In his painting Winsor McKay, Dawson observes the originator of the animated film as he sketches en plein air a gigantic brontosaurus at its bath, and, therefore, touches multiple levels of meaning and multiple layers of time simultaneously. He speculates on the ability of painting (and the animated film, of course) to configure a world of its own and then present this vision, hung on a wall, as a quote from his own painting. He is fascinated by the way animation can teach a dinosaur to walk, and moreover, by all the ways, both positive and negative, how such visualizations can influence our actual scientific observation. In part he is picturing himself, a painter indulging in nostalgic and sentimental contemplation of nature and mankind, and by doing so, he creates a cosmos of his own.

Accordingly, Dawson’s works are doors to a world that has always existed and still goes on to exist, but is also a world that has been pushed aside by the manifold entanglements of modern civilization: suddenly ultramodern cities of the future pop up, embedded in bucolic landscapes with circle steam-driven airships cruising above that betray a painterly passion. Again and again, the picture within a picture points out the unreal of a scene, while at the same time invites the viewer to immerse himself in the depicted event.

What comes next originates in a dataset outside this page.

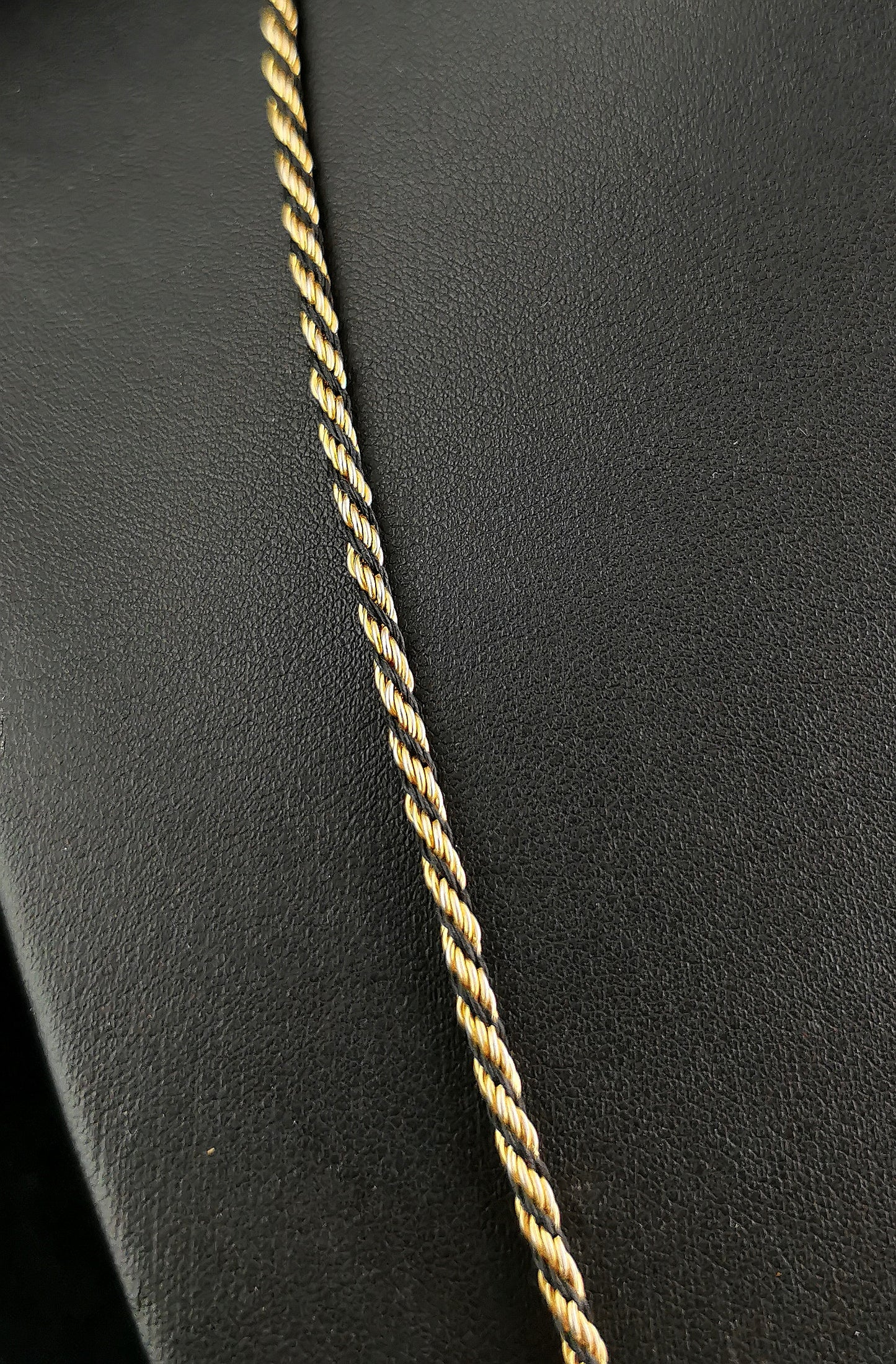 Vintage gold and black tone rope twist chain necklace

Dawson has been the subject of monographic shows at Douglas Hyde Gallery, Dublin, Le Consortium, Dijon, Camden Arts Centre, London and Kunsthalle, Zurich. Dawson‘s work has been featured in significant international exhibitions such as 2011 Yokohama Triennial, the 2010 Whitney Biennial, the 2006 Lyon Biennial, and has been presented in shows at venues such as Palais de Tokyo, Whitney Museum of American Art, New York, and Musée d‘Art Moderne de la Ville de Paris.